Love that brass! Nicely done :D


----------



## Alatar (Oct 25, 2016)

Very nice!


----------



## FriFlo (Oct 26, 2016)

Thank you all for your kind comments! I do however appreciate, whatever someone might not find good or what could be better. After all, music and composing is a live long learning experience, the way I see it. And sometimes someone else not as deeply involved in the process of creating a piece, may offer valuable advice. 
So, don't keep back any negative thoughts! You won't hurt my feeling by that!


----------



## RyanMcQuinn (Oct 26, 2016)

Sorry I don't have a negative comment for you lol! The sound is really pleasant. Is there a trick you could share for how the brass sounds so alive? I have both libraries by ewql, but the brass never quite comes to life like that.
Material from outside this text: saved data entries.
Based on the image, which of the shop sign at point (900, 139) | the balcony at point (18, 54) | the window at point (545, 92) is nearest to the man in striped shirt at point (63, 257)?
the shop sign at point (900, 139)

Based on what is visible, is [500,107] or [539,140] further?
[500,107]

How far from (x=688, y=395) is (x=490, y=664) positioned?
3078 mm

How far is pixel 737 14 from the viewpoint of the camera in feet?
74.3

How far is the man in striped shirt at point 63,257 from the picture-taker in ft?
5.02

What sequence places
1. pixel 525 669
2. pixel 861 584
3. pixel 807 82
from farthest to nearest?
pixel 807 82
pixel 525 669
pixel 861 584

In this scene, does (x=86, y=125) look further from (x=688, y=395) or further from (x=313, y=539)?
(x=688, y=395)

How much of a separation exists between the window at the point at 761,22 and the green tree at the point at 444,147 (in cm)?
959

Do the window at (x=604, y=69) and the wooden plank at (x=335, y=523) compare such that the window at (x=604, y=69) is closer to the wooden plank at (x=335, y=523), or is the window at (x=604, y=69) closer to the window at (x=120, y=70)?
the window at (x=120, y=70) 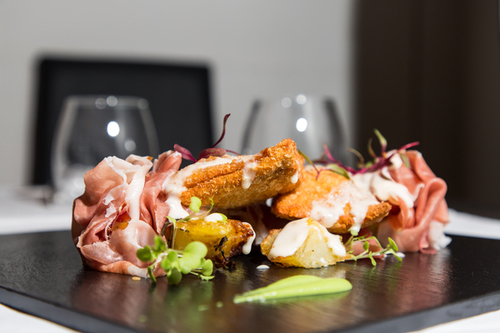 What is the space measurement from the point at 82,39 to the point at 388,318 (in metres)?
4.20

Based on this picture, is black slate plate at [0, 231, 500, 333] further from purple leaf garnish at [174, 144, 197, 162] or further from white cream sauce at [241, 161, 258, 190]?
purple leaf garnish at [174, 144, 197, 162]

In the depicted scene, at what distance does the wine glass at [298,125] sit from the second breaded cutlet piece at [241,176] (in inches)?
37.5

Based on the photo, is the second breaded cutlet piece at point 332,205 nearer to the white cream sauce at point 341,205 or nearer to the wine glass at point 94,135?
the white cream sauce at point 341,205

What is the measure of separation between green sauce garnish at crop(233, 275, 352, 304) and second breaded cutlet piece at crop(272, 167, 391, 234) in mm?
298

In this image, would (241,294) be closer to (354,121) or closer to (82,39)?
(82,39)

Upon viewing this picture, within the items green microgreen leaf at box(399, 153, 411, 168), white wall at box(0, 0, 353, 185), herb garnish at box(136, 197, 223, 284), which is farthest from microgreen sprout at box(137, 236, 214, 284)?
white wall at box(0, 0, 353, 185)

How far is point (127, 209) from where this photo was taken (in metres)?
1.15

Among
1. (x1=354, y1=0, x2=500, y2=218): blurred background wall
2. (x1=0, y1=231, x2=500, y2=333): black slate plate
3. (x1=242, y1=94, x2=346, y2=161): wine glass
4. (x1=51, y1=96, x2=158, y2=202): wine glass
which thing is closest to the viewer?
(x1=0, y1=231, x2=500, y2=333): black slate plate

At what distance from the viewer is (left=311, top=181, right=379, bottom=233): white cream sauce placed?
3.98 feet

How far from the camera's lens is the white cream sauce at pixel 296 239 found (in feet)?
3.59

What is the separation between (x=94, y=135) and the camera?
253cm

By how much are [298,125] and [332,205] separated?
3.18 feet

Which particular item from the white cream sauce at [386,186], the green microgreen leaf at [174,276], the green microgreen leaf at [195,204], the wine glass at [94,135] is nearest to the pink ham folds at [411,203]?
the white cream sauce at [386,186]

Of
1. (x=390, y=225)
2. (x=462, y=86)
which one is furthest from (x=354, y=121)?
(x=390, y=225) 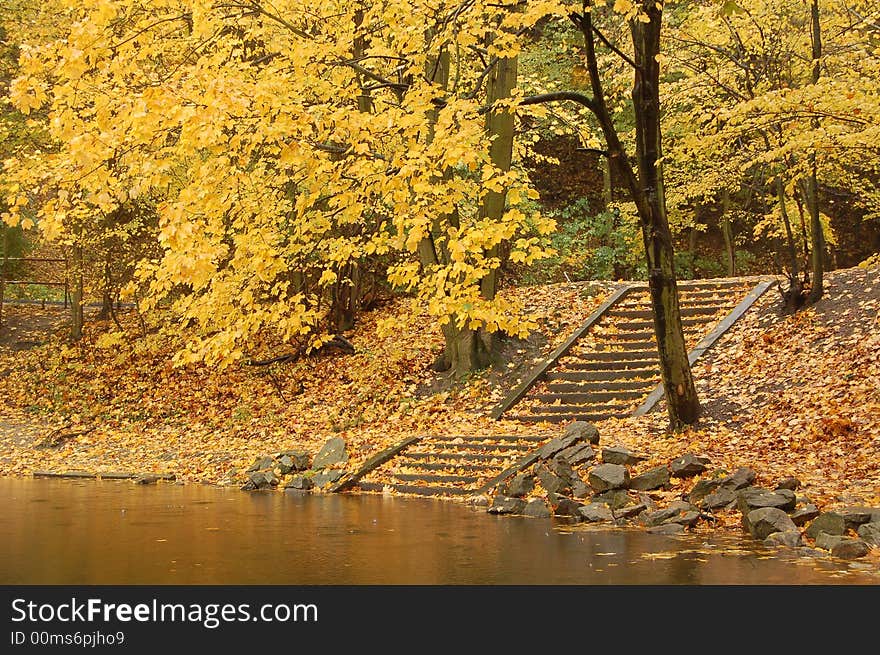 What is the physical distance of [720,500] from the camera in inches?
387

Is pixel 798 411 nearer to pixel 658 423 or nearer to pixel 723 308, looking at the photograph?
pixel 658 423

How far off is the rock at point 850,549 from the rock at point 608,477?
3.24m

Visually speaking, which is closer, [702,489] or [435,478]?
[702,489]

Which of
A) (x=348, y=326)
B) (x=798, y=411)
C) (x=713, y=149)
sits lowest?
(x=798, y=411)

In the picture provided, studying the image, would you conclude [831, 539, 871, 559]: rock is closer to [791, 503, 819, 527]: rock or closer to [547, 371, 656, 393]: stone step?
[791, 503, 819, 527]: rock

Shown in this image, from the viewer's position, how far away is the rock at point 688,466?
10.9m

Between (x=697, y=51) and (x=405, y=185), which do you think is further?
(x=697, y=51)

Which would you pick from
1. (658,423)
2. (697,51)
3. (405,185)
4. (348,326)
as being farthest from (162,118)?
(348,326)

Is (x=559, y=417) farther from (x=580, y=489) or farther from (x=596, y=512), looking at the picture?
(x=596, y=512)

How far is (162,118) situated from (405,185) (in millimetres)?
2940

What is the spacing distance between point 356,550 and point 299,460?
722cm

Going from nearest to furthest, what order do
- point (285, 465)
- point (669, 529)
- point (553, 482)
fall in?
point (669, 529) < point (553, 482) < point (285, 465)

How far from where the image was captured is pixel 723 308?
61.5ft

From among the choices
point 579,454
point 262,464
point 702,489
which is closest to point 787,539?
point 702,489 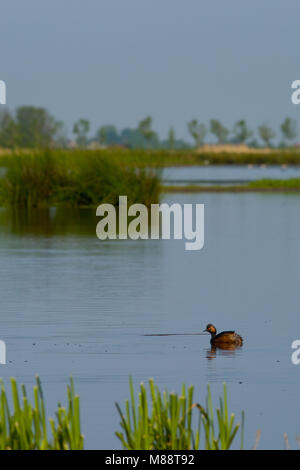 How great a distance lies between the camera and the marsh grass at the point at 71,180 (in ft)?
108

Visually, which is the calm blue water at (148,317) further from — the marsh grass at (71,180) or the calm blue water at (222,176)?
the calm blue water at (222,176)

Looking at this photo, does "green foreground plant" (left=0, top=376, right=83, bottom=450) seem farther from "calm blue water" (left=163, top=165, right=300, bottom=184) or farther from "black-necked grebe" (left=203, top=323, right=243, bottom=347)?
"calm blue water" (left=163, top=165, right=300, bottom=184)

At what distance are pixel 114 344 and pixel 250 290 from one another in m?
4.99

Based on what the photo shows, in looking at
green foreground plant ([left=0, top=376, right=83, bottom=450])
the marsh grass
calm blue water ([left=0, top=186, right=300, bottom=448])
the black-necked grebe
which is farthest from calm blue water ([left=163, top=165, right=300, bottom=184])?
green foreground plant ([left=0, top=376, right=83, bottom=450])

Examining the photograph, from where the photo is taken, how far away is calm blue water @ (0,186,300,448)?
9.53m

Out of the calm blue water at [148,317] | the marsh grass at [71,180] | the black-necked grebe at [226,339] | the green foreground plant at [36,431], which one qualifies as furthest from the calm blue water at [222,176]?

Also, I quite enjoyed the little Williams-esque flourish toward the beginning. The timing there was perfect.


----------



## Ashermusic (Oct 26, 2016)

Very nice, but since you insist on some critical comments 

It feels laggy. If they were real players I would be conducting very on top of the beat trying to move them along. But really, nice.


----------



## FriFlo (Oct 26, 2016)

Yeah, it could maybe need a little bit of before the beat playing in some places, Jay! Very good point. I wouldn't rather do an accelerando from start to finish, but in the right places if could be good.
@RyanMcQuinn : I don't have the time to go into details, now, but if you wish so, I can do that later, once time allows. I cannot really comment on East West libraries, because I don't use any of them any more and haven't got the Hollywood series. So, one point could indeed be the sound of the Berlin series! I did receive free libraries from OT, however, so take that with a grain of salt. 
Honestly, it mostly takes great efforts of programming and editing to get it sound right in the first place. By that, I mean carefully editing the midi, experimenting with different articulations combined (in this case mostly staccatos and marcatos of different lengths in the Brass) and combining those until you hear what you want to hear. Of course, this always precedes to actually know, what you want to hear and not to forget that in the process of achieving it.
Then, you combine all those lines and see, if they "play" well together as an ensemble. I cannot claim, I am quick at it yet, because I actually prefer composing music over doing mockups and it is really a lot of work to achieve something decent. But I get quicker at it with every extensive mockup I do. So, the midi work is at least 80% of the result, maybe 90% ...


----------



## Cass Hansen (Oct 27, 2016)

Okay, that does it, I'm getting the Berlin Brass library. Really enjoyed the sound and piece equally. Quickly, could you tell me if you used all the mics or just the tree mic and did you add any additional reverb to the brass?
Thanks,
Cass


----------



## FriFlo (Oct 27, 2016)

Sure! I used on all instruments just Tree and Close. On the Strings a little more close than on brass, woodwinds and percussion. The more close I used on brass instruments, the more I compensated with algorithmic reverb to keep it behind the strings. I would always add reverb to an orchestral mockup, even with ambient libraries like the Berlin series. It just glues everything together. Not a lot, of course! I don't want to make it blurry, but always a little for the glue.
From a pure realism perspective, the tree mics would be enough for the brass, really and most of what you hear here is the tree mics! But supporting those with the close mics just adds in a little more punch and clarity. Just like with real recordings, actually.


----------



## Cass Hansen (Oct 27, 2016)

FriFlo said:


> Sure! I used on all instruments just Tree and Close. On the Strings a little more on brass, woodwinds and percussion. The more close I used on brass instruments, the more I compensated with algorithmic reverb to keep it behind the strings. I would always add reverb to an orchestral mockup, even with ambient libraries like the Berlin series. It just glues everything together. Not a lot, of course! I don't want to make it blurry, but always a little for the glue.
> From a pure realism perspective, the tree mics would be enough for the brass, really and most of what you hear here is the tree mics! But supporting those with the close mics just adds in a little more punch and clarity. Just like with real recordings, actually.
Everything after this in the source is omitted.